From The Runway To Your Closet: The Collaboration Trend In Fashion
Designer and discounter collaborations have revolutionized the fashion industry by creating affordable clothing lines, which are accessible to the general public. While Missoni attire could typically cost upwards of $800, shoppers had the opportunity to purchase “Missoni for Target” products for an average of $60, including clothes, home décor, accessories and a wildly popular bike with Missoni’s famed zig-zag print. Granted, the opportunity was short-lived, as the merchandise sold-out almost instantly. Subsequently, the most coveted pieces appeared on eBay for drastically heightened prices.
Target has announced the most recent agreement with Jason Wu, a New York-based designer who gained considerate recognition when Michelle Obama began wearing his designs in 2008. The limited-edition collection will be available in February, but the real question is whether or not he will manage to crash Target’s website.
Shockingly, the biggest claim to fame within the fashion industry these days is a crashed website due to outrageously high demand. Target’s website crashed by 7:47 a.m. when the Missoni line debuted, and a similar situation occurred for the launch of Alex Chung’s clothing line for Madewell on Sept. 22.
The high-demand for collaboration collections has yet to dwindle. Anticipation has steadily intensified for “The Very Best of Versace for H&M,” which will be available in stores on Nov. 17. The line pays tribute to the ’80s and to Gianni Versace, Donatella Versace’s brother.
Although the Italian label has generated an undeniable amount of attention and publicity for H&M, Versace is not the first major fashion house to sign with the Swedish clothing store. Past partnerships, which have all attracted throngs of fervent shoppers, have included Lanvin, Comme des Garçons, Roberto Cavalli, Viktor & Rolf, Stella McCartney and Karl Lagerfeld.
In fact, Lagerfeld continues to support the abiding trend of designer/discount collaboration lines, as he launched a line for Macy’s “Impulse” on Aug. 31. His 45-piece collection, which ranges from $50 to $170, features everything from floral dresses to t-shirts, and from tweed to faux leather.
“To me Macy’s is the perfect department store in the U.S. where everybody can find what they’re looking for without ruining their budget,” said Lagerfeld in a release, according to Fashionista.com.
Duly noted. However, is more affordable apparel the actual motive that propels designers and celebrities to affiliate themselves with retail-clothing stores?

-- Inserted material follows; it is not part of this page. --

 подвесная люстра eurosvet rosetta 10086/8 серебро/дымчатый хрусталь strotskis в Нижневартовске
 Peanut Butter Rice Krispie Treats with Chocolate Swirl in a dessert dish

The inexpensive, oftentimes stunning collections have transfigured and modernized the fashion industry entirely. The fashion opinion-makers and designers of the world’s most prominent fashion houses have humanized themselves by creating clothing that is accessible to more people than just the wealthiest of shoppers on Rodeo Drive. Designers are stepping out of the restrictive confines of high fashion by declaring loud and clear that fashion is truly for the people.

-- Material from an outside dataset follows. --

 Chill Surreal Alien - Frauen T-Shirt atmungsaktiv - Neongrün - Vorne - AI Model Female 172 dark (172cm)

Yet how far should designers push their “extracurricular” projects before the value of their work becomes devalued? Designers appear to accept any request that comes their way without hesitation, no matter how vastly different the company is from their own realm of fashion. For Starbucks’ 40th anniversary, Alexander Wang designed t-shirts that appeared as though the shirt-wearers unintentionally spilled their Venti black coffee on themselves en route to work. The Alexander Wang and Starbucks partnership was unfitting and forced, largely due to their lack of connection.

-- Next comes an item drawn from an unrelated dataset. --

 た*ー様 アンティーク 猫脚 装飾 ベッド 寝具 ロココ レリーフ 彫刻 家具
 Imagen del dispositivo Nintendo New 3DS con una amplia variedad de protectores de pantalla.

Fashion is an expressive art form that is intended to inspire both the wearer and the viewer. Luxury lines have earned their unfeasible prestige from utilizing the highest quality materials, the finest fabrics, the meticulous care to detail and above all, the audacity to push social boundaries. Shoppers need to understand that the $80 dresses that they purchase (or $650 engagement rings designed by Vera Wang for Zales for that matter) are valued solely on the designer name stitched or engraved into the label, not for the quality of the products.
Although it is safe to presume that the average, female college student will not hastily oppose the continuation of affordable clothing collections, the fashion industry must be wary of losing its stature and artistic quality. Not all designs are meant to hurdle from the runway to the closet of a dorm room.